Yesterday the minister for health tried to shift the blame for the slow rate of hospital development onto the National Democratic Congress (NDC). In a rambling press briefing intended to highlight the progress of hospital infrastructure development Mr Kwaku Agyemang-Manu lashed out, blaming the slow progress on his predecessors in the opposition.
Showing the assembled journalists lists of hospitals that would soon be completed, he complained that “you probably won’t show this” suggesting that the assembled press were trying to conceal his achievements. However, the figures that he provided seemed to suggest that his department had fewer achievements to report than it claimed.
While discussing the eight hospitals of the ‘Ghana 8 No Hospital Project’ being built in the Ashanti region, the Minister boasted that he had taken over the project of the building of the hospitals, saving the project. He claimed that the NDC abandoned the project in May 2016, allowing letters of credit to expire and contractors to go unpaid in what appears to be a political act, intended to prevent the New Patriotic Party (NPP) from completing the hospitals.
However, when he provided figures on the rate of progress of the hospital construction, the figures showed that during the NPP administration, the project had only moved forward around 8% (from 52% to 60%) in the last three and a half years. This contrasts with the progress that the NDC made during a similar time frame, taking the project from its conception to 50% completion in only 4 years making the Mahama administration at least 4 times more efficient.
The minister seemed to contradict himself, telling the assembled journalists how he wanted to “keep politics out of healthcare” while also criticising the previous government for being too keen to claim credit for projects that they had not finished. In one case, the Minister says he was stoned when he went to visit one of the stalled hospital projects and met by NDC members who told him that the project was “theirs”.
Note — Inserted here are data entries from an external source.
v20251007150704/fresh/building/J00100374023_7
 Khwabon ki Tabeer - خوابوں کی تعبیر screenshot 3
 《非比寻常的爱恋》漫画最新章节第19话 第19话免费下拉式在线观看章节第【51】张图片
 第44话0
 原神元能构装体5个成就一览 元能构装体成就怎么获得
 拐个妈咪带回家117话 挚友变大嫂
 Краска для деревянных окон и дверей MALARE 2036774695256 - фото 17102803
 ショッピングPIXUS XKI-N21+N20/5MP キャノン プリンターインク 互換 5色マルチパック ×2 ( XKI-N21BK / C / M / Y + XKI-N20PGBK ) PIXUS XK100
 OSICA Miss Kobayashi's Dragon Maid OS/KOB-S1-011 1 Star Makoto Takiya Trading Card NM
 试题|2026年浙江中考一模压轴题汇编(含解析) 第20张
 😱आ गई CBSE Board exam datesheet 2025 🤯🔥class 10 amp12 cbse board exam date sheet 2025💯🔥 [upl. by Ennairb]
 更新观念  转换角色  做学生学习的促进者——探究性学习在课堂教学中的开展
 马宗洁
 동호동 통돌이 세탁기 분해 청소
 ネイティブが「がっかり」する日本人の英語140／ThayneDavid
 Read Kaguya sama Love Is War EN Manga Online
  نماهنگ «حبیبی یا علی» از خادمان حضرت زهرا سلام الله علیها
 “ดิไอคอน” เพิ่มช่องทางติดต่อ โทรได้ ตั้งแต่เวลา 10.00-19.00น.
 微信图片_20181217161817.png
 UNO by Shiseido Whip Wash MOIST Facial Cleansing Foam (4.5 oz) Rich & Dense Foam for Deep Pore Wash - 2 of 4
When asked to explain the slow progress being made, Mr Kwaku Agemang-Manu blamed the delay on an audit and problems with sub-contractors. If this is true, the inefficiency of a government that takes three years to carry out an audit and organise sub-contractors should be a greater source of worry than the lack of hospitals.
It remains to be seen whether the Minister will be able to restart all the projects before the election next year. The upgrades to Komfo Anokye Teaching Hospital still haven’t restarted due to a contractor not being found.
The minister gave other examples of hospitals that would soon be completed or newly in use such as the five new clinics in the Greater Accra region commissioned in March 2019 and mentioned the progress being made towards the 1 District 1 Hospital initiative, the 2000 new healthcare professionals that he said would be hired to staff the new hospitals and the new 32 contracts that he had signed to restart construction and increase the number of hospitals in the Ashanti region.